L(+)-lactate assay of conditioned media samples

A fluorometric assay kit (Biovision, Mountain View, CA, USA) was used to measure L(+)-lactate release in conditioned media samples in duplicate using a microplate reader with excitation at 535 nm and emission at 590 nm. Amount (nanomolar; nmol) of lactate present in each sample was interpolated using the standard curve. Linear mixed effects regression models were used to assess differences in lactate between tensile strain loading conditions (control, low, and high), while adjusting for differences between patients (random intercepts). Results were reported as unstandardized beta (β) coefficients with 95% CIs and standard errors.

Enzyme-linked immunosorbent assay of MCP-1 in conditioned media samples

A LEGEND MAX™ assay kit (BioLegend, San Diego, CA, USA) was used to measure monocyte chemoattractant protein-1 (MCP-1) in conditioned media samples in duplicate. Absorbance at 570 nm was subtracted from the absorbance reading at 450 nm. Amount (picogram per millilitre; pg/mL) of MCP-1 present in each sample was interpolated using the standard curve. Linear mixed effects regression models were used to assess differences in MCP-1 between tensile strain loading conditions (control, low, and high), while adjusting for differences between patients (random intercepts). Results were reported as unstandardized beta (β) coefficients with 95% CIs and standard errors.

Synovial tissue histopathology

Synovial tissue was fixed in 4% paraformaldehyde and paraffin embedded. Tissue samples were sectioned on a microtome at 5 µm thickness, stained with hematoxylin and eosin and scored using 5 non-overlapping, high-power fields (hpf, 400X) per patient.

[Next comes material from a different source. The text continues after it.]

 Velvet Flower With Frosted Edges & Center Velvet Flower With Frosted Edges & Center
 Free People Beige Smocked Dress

Six histopathological components were graded on a 0–3 scale (normal to severe) as previously described60. Mean and median scores for each component were calculated using the average or median score across 5 sections.

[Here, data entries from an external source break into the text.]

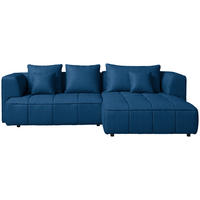ECKSOFA Royalblau Feincord Zierkissen, Rückenkissen, Sitzvorzug  - Royalblau/Schwarz, Design, Kunststoff/Textil (288/188cm) - Welnova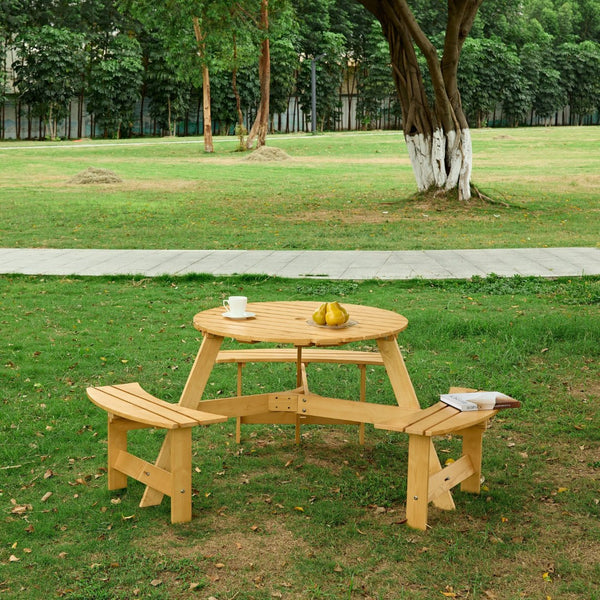 English Elm Outdoor 6 Person Round Picnic Table Set With 3 Benches, Umbrella Hole, Durable Design For Patios W2275P149762-GIGA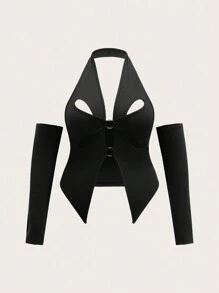 SHEIN ICON Haut d'été pour femmes grande taille, couleur unie, ajusté, col montant avec découpe sur le devant - Noir - Voir 1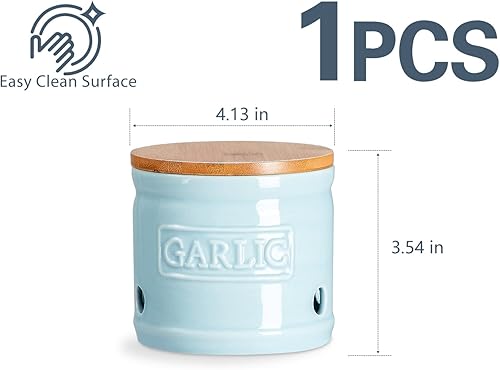 Miniatura 6 de ONEMORE Garlic Keeper con tapa, protector de ajo de cerámica de 4 pulgadas, azul claro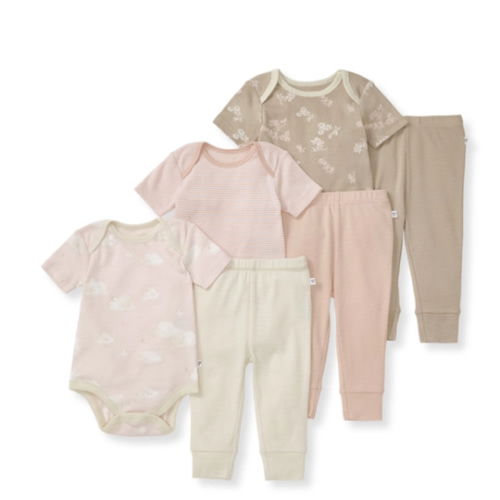 Whimsical Floral Organic Short Sleeve Bodysuit and Pant Set 3 Pack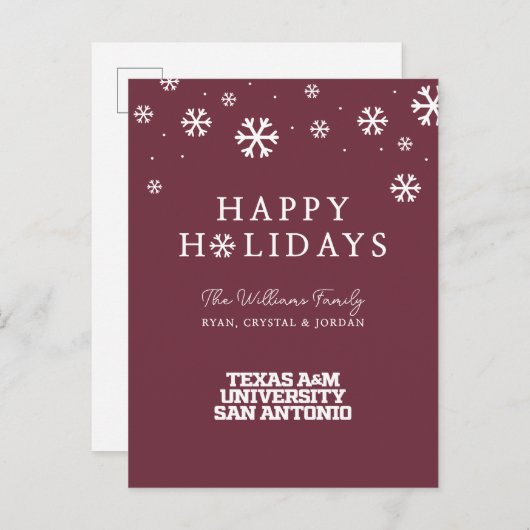 Texas A&M University - San Antonio Feestdagenkaart (Voorkant / Achterkant)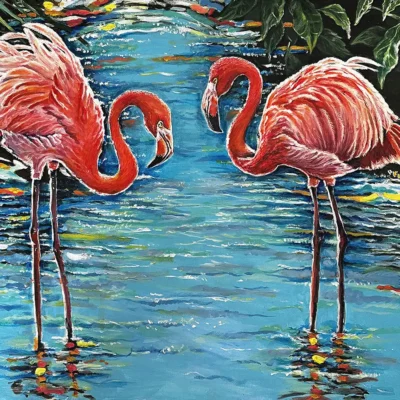 Two Flamingos
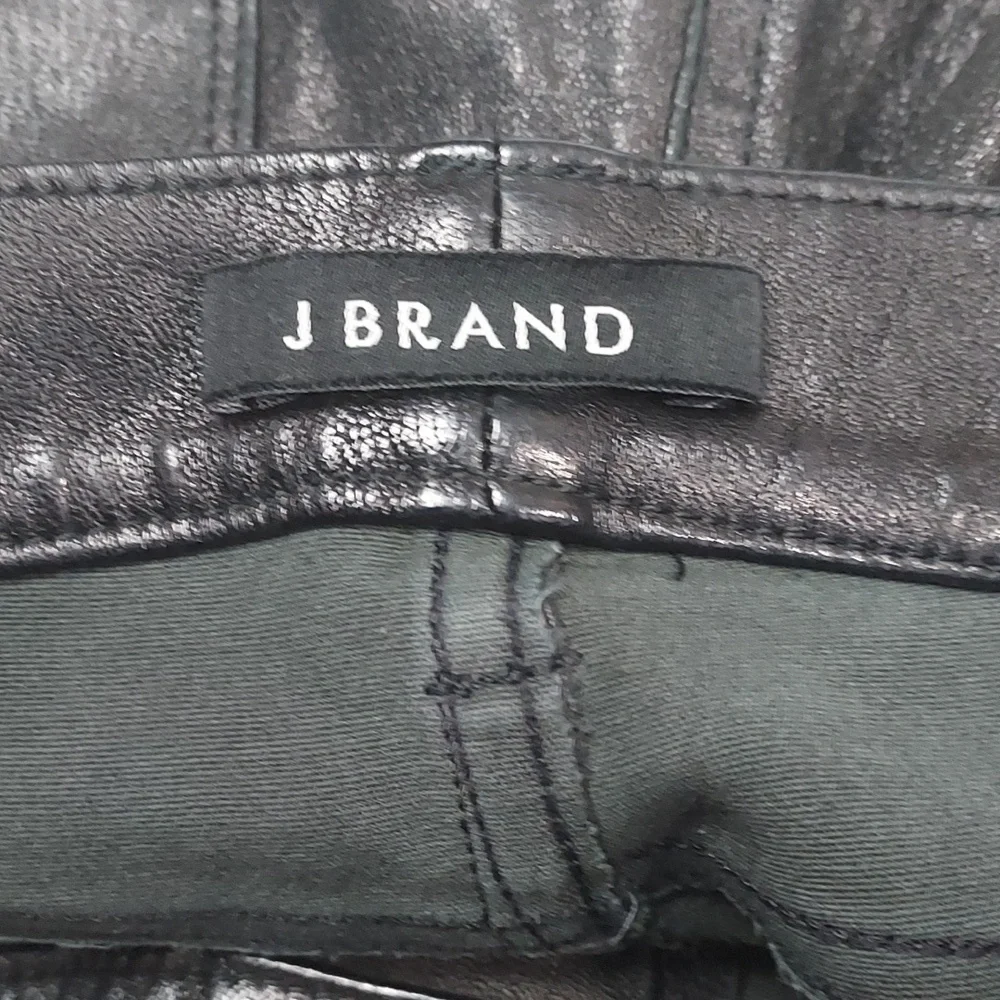 J Brand Lamb Leather Leggings Stretch Zipper Ankle Mid Rise L8001 Black Size 26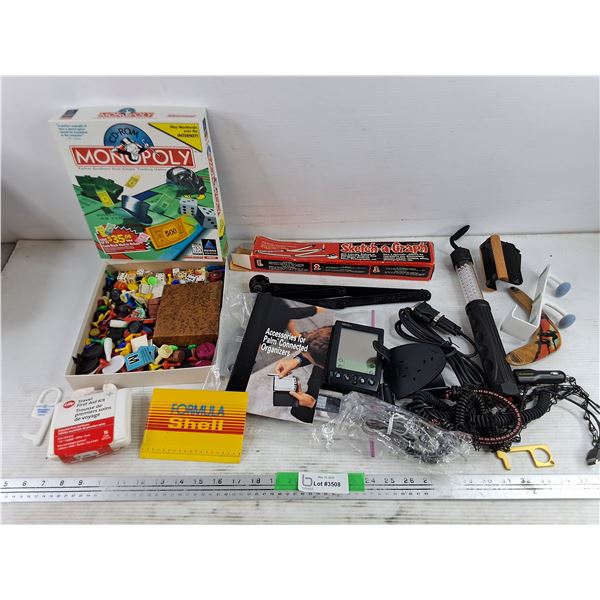 Sketch a Graph, Palm III Xe Organizer, LED Cordless Trouble Light, Boomerang, Travel First Aid Kit, 
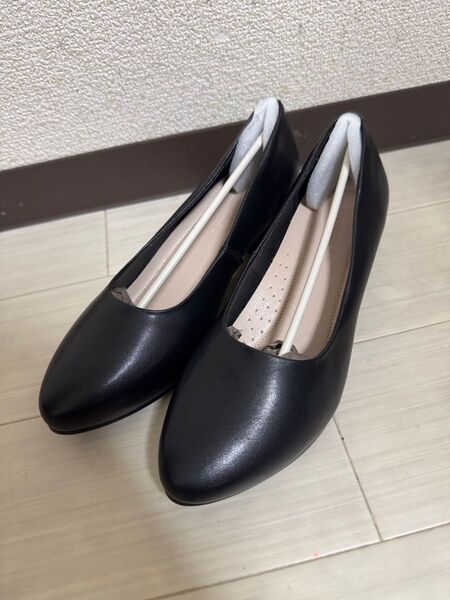 未使用品 パンプス レディース スクエアトゥ ヒール4.0cm 足囲3E ビジネス 24.5cm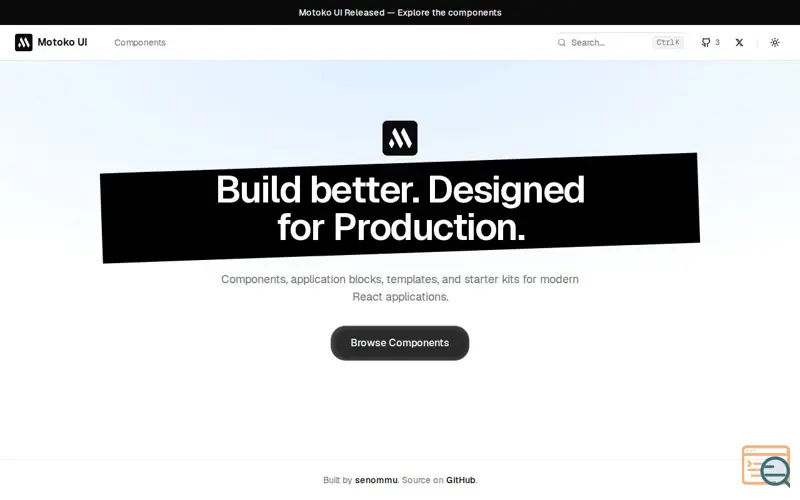 Screenshot of Motoko UI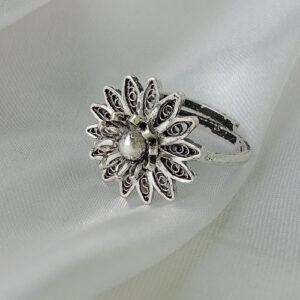 Silver Linings Sunflower Silver Filigree Ring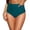 Green, variant on Women's High Waist Bikini Bottoms, Solid Color Vintage Triangle Briefs, Full Coverage Swim Bottoms for Beach or Pool, Green - L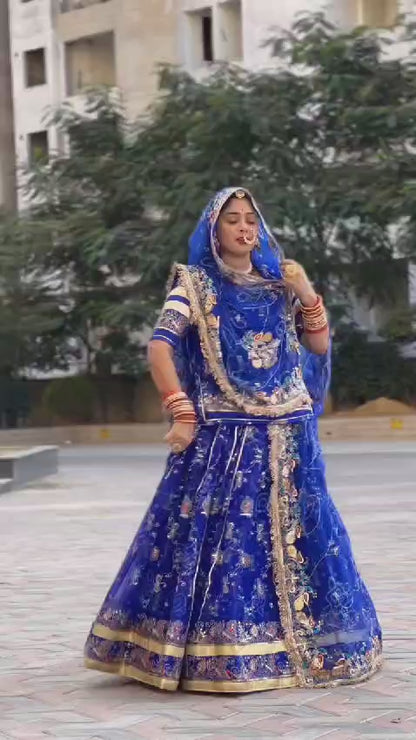 Royal Pure 7 Miter full Gher Wedding Sangeet Premium quality Rajputi Poshak in Blue color-81631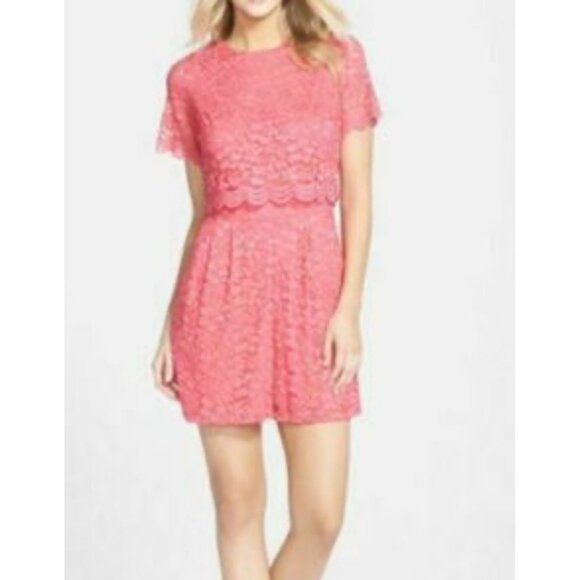 Taylor Womens Hot Pink Floral Lace Overlay Dress Size 10 Short Sleeves Crew Neck - Picture 15 of 16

Synovial tissue immunofluorescence

Synovial tissues sections were deparaffinized and antigen retrieval was performed in sodium citrate buffer (10 mM sodium citrate, 0.05% Tween-20, pH 6) at 55 °C overnight. Slides were permeabilized with Triton-X (0.2% in PBS; Sigma-Aldrich; 9002-93-1) and blocked for 1 h with 5% bovine serum albumin (BSA; GE Healthcare). Samples were incubated with primary antibodies overnight at 4 °C for anti-CD68 (Abcam, 1:200) in combination with anti-3-NT (Abcam, 1:150). Negative control sections without primary antibody were included to rule out non-specific secondary antibody binding. Slides were incubated with appropriate secondary antibodies including goat anti-mouse conjugated with Alexa Fluor-647 (Jackson ImmunoResearch Laboratories: 1:500) or goat anti-rabbit conjugated with Alexa Fluor-488 (Jackson ImmunoResearch Laboratories: 1:500). Coverslips were mounted using Molecular Probes ProLong Gold Antifade Mountant containing DAPI nuclear stain (Fisher Scientific, P36931). Slides were imaged at 40X using a Leica Aperio VERSA 8 microscopic scanner located at Molecular Pathology Core Facility, Robart’s Research Institute. Images were analyzed using QuPath (v0.2.3) cell detection and classifier tools61. We assessed 3-NT positive cells in the synovial intimal lining (normalized to cell density). We also assessed 3-NT staining relative to cell type content (i.e., CD68+ (macrophage) vs CD68- cells in the synovial lining). Linear mixed effects regression was used to investigate (1) the association between percent positive 3-NT cells and tensile strain condition, while controlling for variation between patient samples (random intercepts) and (2) the association between 3-NT positive macrophages and tensile strain condition. Secondary analyses included (1) controlling for total synovial lining macrophage content and (2) including a strain by macrophage content interaction term. Results are reported as unstandardized beta coefficients (β) with 95% confidence intervals (CI).